Surface fatigue wear, also called fatigue wear or rolling contact fatigue, is a wear mechanism in which repeated cyclic stresses acting on contacting surfaces cause the formation and growth of cracks in the material near the surface. Over time, these cracks propagate and eventually cause small fragments of material to detach from the surface. The result is characteristic pitting, spalling, or flaking of the surface.
This form of wear occurs primarily in mechanical components subjected to repeated rolling or rolling–sliding contact, such as gears, rolling element bearings, cam surfaces, and railway wheels. The localized contact stresses generated at the interface of these components are applied repeatedly as the parts move relative to each other. The cyclic loading progressively weakens the material, producing fatigue damage concentrated at or just beneath the surface. Surface fatigue wear is therefore a material failure mechanism caused by cyclic contact stresses, rather than by direct cutting, adhesion, or abrasion.
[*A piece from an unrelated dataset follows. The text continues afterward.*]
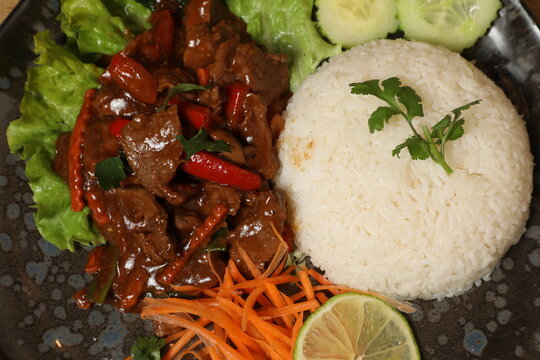 Plats asiatiques dans un restaurant local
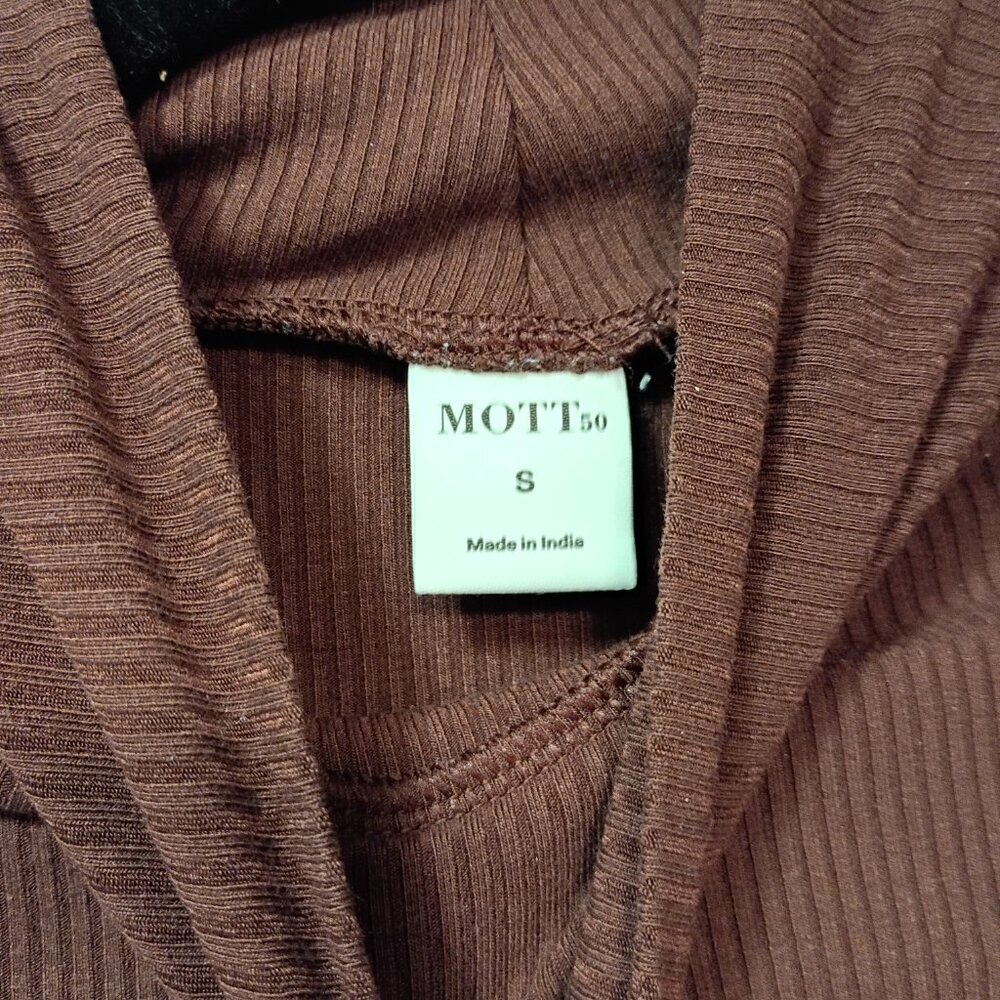 Mott50 Ribbed turtleneck long sleeve top NWOT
The observable outcome is a progressive deterioration of the surface through crack formation, pit formation, and eventual removal of material fragments.
Process that Creates Surface Fatigue Wear
Repeated Contact Stress - Two surfaces in rolling or rolling-sliding contact generate highly concentrated contact stresses. Each pass of the contacting bodies produces a loading and unloading cycle in the material near the contact zone.
Initiation of Microcracks - These cyclic stresses cause the accumulation of microstructural damage in the surface layer or just beneath it. Small microcracks form either at the surface or below the surface where the
shear stresses are highest.
Crack Propagation Under Cyclic Loading - With each subsequent stress cycle, the microcracks grow incrementally. Fatigue crack growth continues even when the stress level is below the material’s static strength because fatigue damage accumulates with repeated loading cycles.
Material Detachment (Pitting or Spalling) - Eventually, multiple cracks intersect or reach the surface, causing pieces of material to break away. This produces pits or flakes on the surface, commonly referred to as pitting or spalling.
Progressive Surface Degradation - Once the surface becomes pitted, the contact stresses become more concentrated at the irregularities. This accelerates further crack initiation and wear, producing a progressive deterioration process.
Methods to Mitigate Surface Fatigue Wear
Mitigation strategies focus on reducing cyclic contact stresses, preventing crack initiation, and improving surface durability.
Proper Lubrication - Adequate lubrication reduces friction, minimizes direct surface contact, and distributes loads more evenly. This reduces the magnitude of local contact stresses and delays fatigue crack initiation.
Material Selection and Heat Treatment - Using materials with high fatigue strength and applying heat treatments such as carburizing or case hardening improves resistance to cyclic stress and crack formation.
Surface Hardening and Coatings - Surface treatments (e.g., nitriding, carburizing, or hard coatings) increase surface hardness and fatigue strength, improving resistance to crack initiation.
Improved Surface Finish - A smoother surface reduces stress concentrations at asperities, which are common sites for fatigue crack initiation.
Load and Contact Stress Reduction - Engineering design modifications that lower contact
pressure, such as increasing contact area or improving alignment, reduce the cyclic stresses responsible for fatigue wear.
Proper Component Alignment and Assembly - Misalignment increases localized stresses and accelerates fatigue damage, maintaining correct alignment distributes loads more uniformly.